Dura lex

Ça la shoot mal

  • Après « le côté un petit peu Blockhaus » de l’architecture ZUS, le côté un petit peu bloqué de la salle de shoot viendrait-il confirmer le manque de substance des politiques sociales de la Ville ?
OLYMPUS DIGITAL CAMERA

Destockage toute l’année (DR).

Le blog n’a pas pris parti sur l’opportunité de la salle de consommation de drogues à moindre risque, dite « salle de shoot ». Laissant aux experts le soin d’en analyser le bien ou le mal fondé, il n’a fait que s’étonner du choix du lieu.
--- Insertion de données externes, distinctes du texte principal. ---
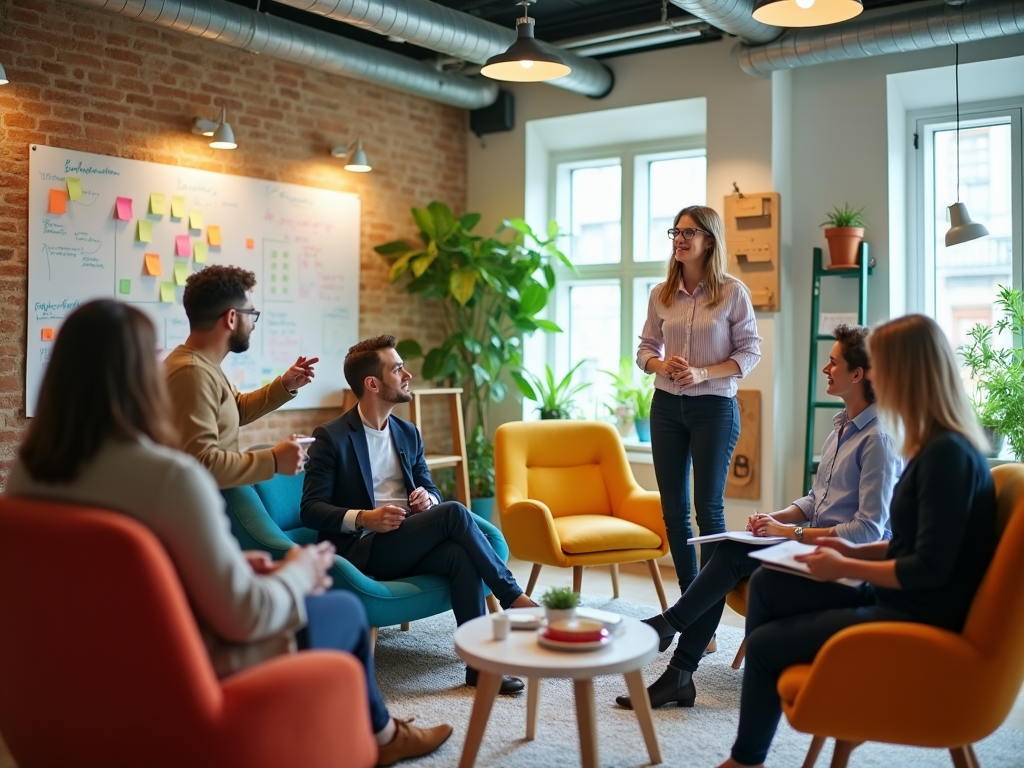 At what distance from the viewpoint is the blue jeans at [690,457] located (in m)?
3.89

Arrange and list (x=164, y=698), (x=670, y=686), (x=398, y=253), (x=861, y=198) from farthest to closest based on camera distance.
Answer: (x=398, y=253) → (x=861, y=198) → (x=670, y=686) → (x=164, y=698)

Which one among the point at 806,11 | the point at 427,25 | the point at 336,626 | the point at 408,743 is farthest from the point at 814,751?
the point at 427,25

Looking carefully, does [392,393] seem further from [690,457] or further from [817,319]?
[817,319]

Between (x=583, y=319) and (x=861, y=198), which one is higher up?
(x=861, y=198)

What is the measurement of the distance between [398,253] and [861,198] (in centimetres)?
265

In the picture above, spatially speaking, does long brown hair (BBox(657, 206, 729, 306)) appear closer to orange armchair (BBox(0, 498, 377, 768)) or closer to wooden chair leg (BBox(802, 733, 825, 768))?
wooden chair leg (BBox(802, 733, 825, 768))

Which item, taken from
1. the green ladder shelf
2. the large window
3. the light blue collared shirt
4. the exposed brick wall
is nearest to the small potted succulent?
the light blue collared shirt

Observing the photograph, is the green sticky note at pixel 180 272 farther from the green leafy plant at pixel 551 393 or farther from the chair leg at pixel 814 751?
the chair leg at pixel 814 751

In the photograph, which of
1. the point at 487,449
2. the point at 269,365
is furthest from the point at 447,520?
the point at 487,449

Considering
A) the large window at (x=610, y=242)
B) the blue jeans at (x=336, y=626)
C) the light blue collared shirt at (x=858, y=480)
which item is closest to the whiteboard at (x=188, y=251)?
the large window at (x=610, y=242)

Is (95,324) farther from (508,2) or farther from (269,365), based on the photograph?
(508,2)

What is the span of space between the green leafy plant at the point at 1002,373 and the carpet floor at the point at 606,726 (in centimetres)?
183

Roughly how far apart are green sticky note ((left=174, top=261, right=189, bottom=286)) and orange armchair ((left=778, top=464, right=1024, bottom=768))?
3.73m

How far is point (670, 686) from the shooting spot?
10.8ft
Aujourd’hui, hors polémique, il voudrait mettre en lumière l’impréparation du projet sur un terrain où, pourtant, il serait attendu qu’il ait été soigneusement préparé : le terrain du droit, puisque aussi bien c’est sur ce terrain que le Conseil d’État recommande au gouvernement et à la Ville de Paris, qui s’y soumettent, de revoir leur copie.

Et, en même temps, soulever la question du lien entre impréparation juridique et fuite en avant sociopolitique qui semble propre à la politique menée dans les quartiers en « politique de la ville ». Le 10e arrondissement de Paris n’en fait pas partie et le côté impair du boulevard de la  Chapelle non plus, mais presque : comme nous l’avons déjà signalé ici, le lieu choisi était en effet à la lisière de la « Zone de sécurité prioritaire » mise en place il y a un an sur la Goutte d’Or et Château Rouge et les promoteurs du projet ont cru pouvoir forcer l’installation sur la base d’un simple décret alors que le Conseil d’État leur propose qu’il faut une loi.

OLYMPUS DIGITAL CAMERA

La loi du moindre risque ?

C’est le concept même du « moindre risque » qui semble lui revenir comme un boomerang alors que l’opération se voulait positive et méritait une meilleure attention en matière de droit. La comparaison vient naturellement avec la politique du fait accompli que mènent sur ces zones les délégations de la Ville de Paris à l’Urbanisme et au Logement et il est utile de prendre conscience que – nécessaire ou non, bonne idée ou non – la « salle de shoot » improvisée en droit se situe à quelques mètres de lieux victimes de décisions à l’emporte pièce prises dans le flou et la méconnaissance, quand ce n’est le mensonge.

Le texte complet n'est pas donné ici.